Your job is to retype all of the data word for word, leaving every image out.

START Supplied material

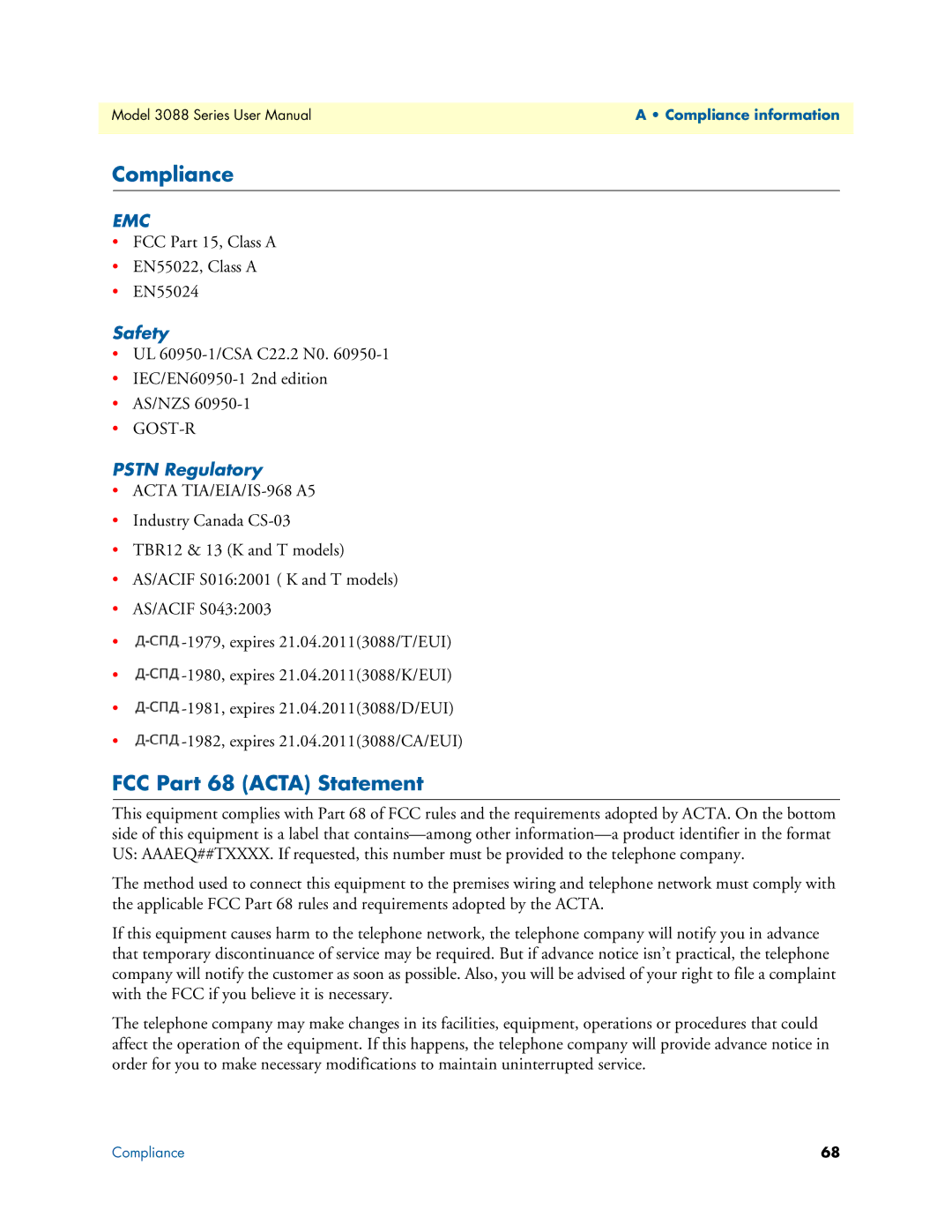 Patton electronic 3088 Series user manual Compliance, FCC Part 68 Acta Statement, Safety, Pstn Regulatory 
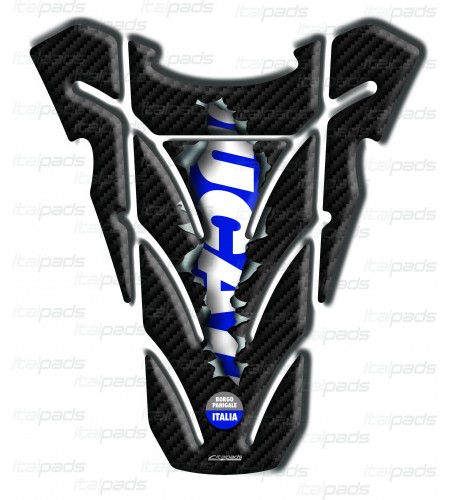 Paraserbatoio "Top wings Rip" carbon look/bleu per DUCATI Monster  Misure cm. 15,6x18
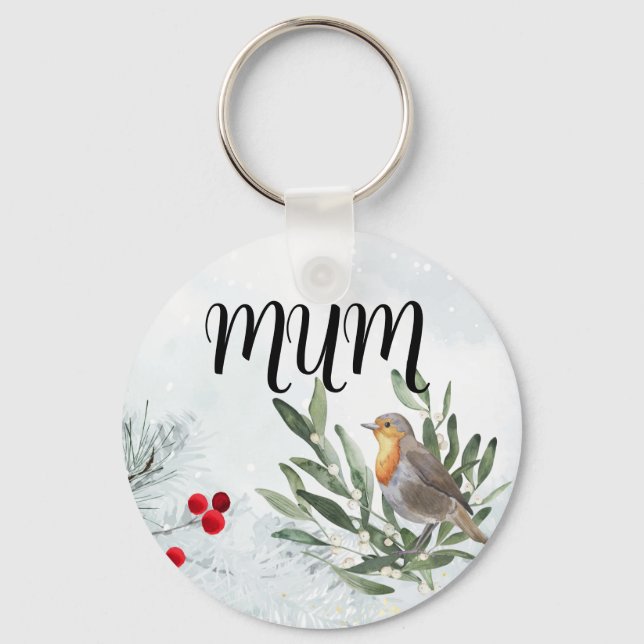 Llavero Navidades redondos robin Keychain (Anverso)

END Supplied material

» **Answer section**
 Patton electronic 3088 Series user manual Compliance, FCC Part 68 Acta Statement, Safety, Pstn Regulatory 
 Paraserbatoio "Top wings Rip" carbon look/bleu per DUCATI Monster  Misure cm. 15,6x18
 Llavero Navidades redondos robin Keychain (Anverso)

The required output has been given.